What you should do:
Print verbatim the lines from the beginning of the entries through the line containing "Cinta de correr", both ends included. Pictures should be left out.

Data extract:

------------

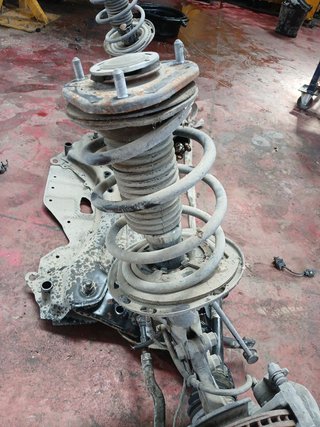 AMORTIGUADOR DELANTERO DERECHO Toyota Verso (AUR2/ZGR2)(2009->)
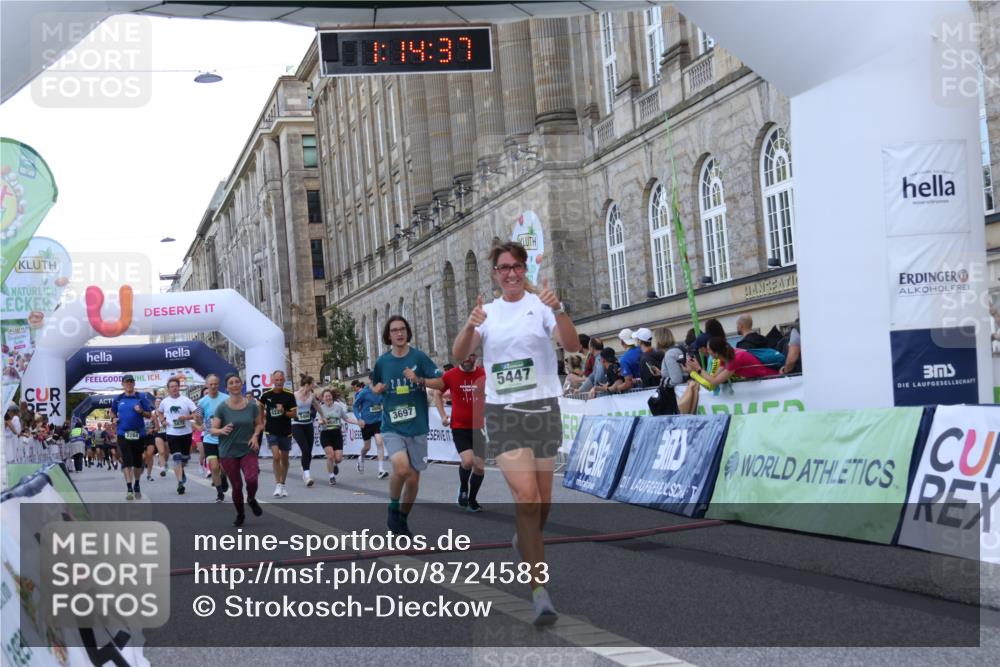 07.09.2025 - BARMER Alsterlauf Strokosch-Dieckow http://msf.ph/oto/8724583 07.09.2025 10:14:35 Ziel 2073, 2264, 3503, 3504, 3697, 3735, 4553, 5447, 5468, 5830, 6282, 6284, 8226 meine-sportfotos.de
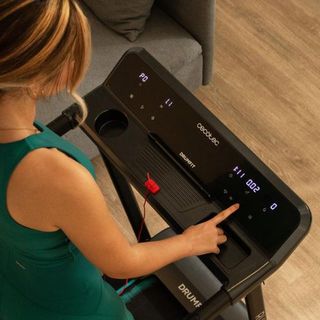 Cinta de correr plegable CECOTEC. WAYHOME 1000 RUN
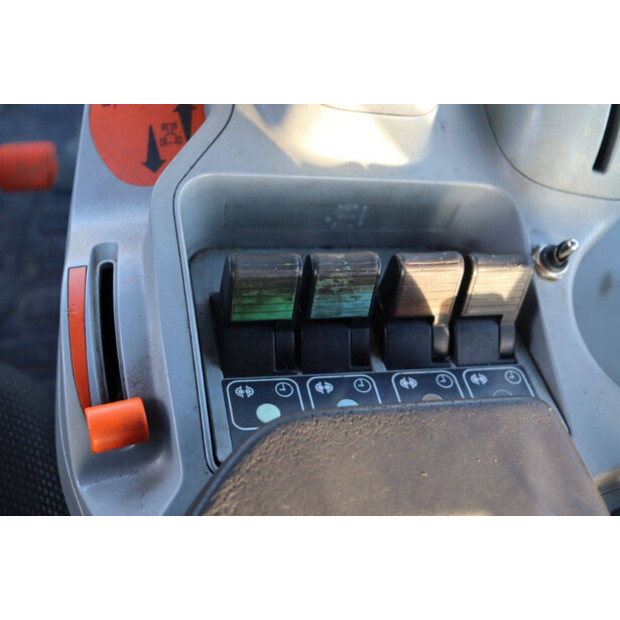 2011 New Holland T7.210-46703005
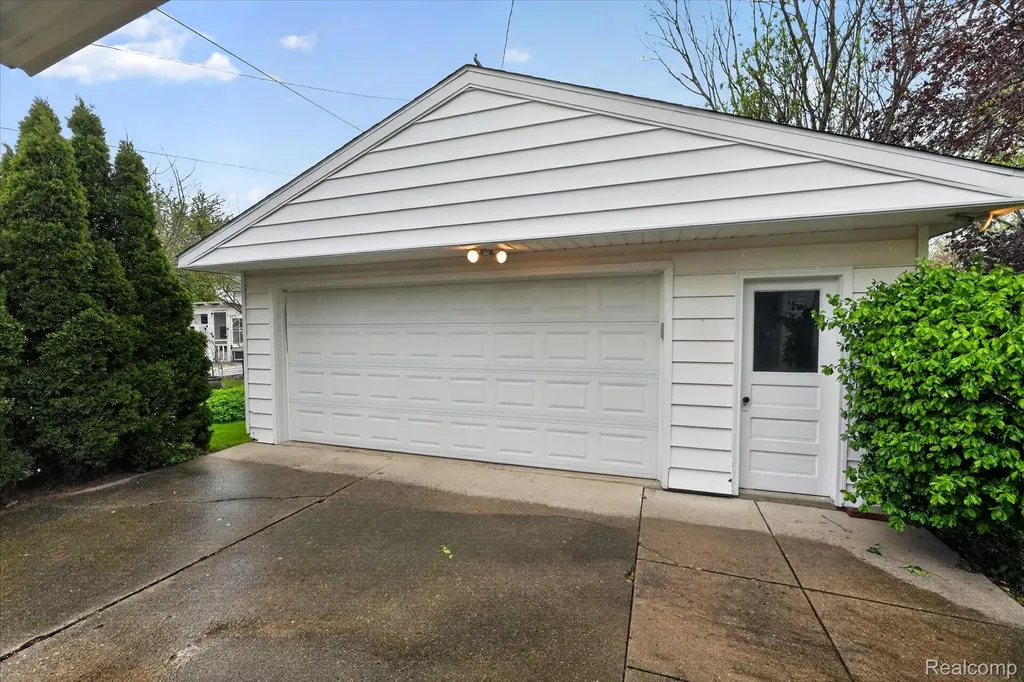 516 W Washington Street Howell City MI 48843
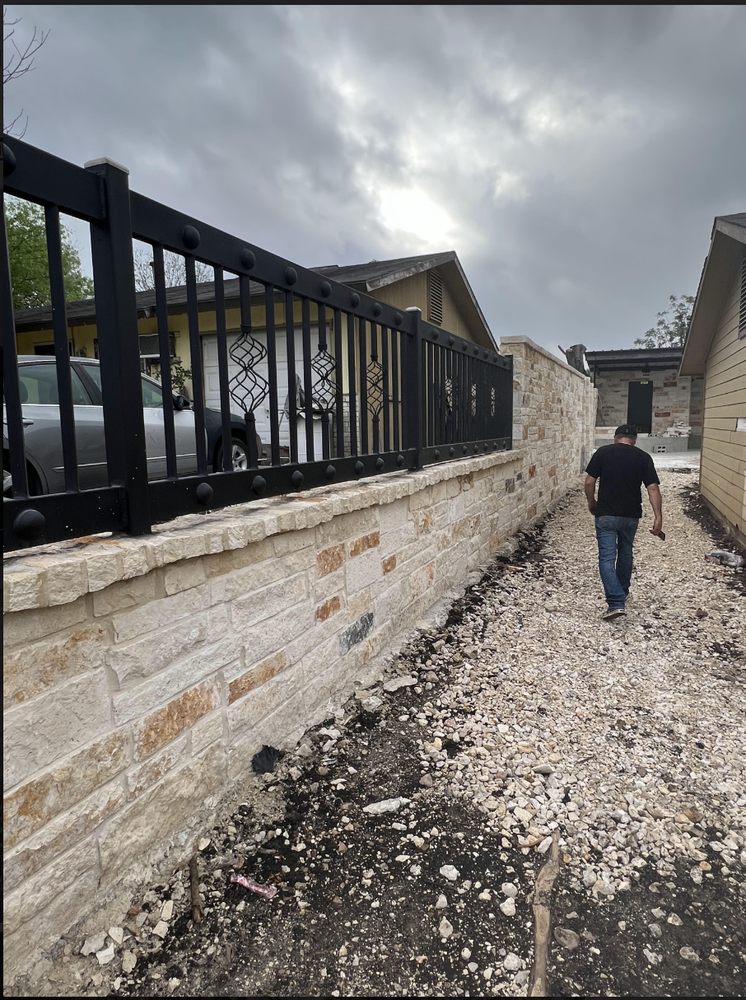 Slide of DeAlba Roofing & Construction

------------

The answer:
 AMORTIGUADOR DELANTERO DERECHO Toyota Verso (AUR2/ZGR2)(2009->)
 07.09.2025 - BARMER Alsterlauf Strokosch-Dieckow http://msf.ph/oto/8724583 07.09.2025 10:14:35 Ziel 2073, 2264, 3503, 3504, 3697, 3735, 4553, 5447, 5468, 5830, 6282, 6284, 8226 meine-sportfotos.de
 Cinta de correr plegable CECOTEC. WAYHOME 1000 RUN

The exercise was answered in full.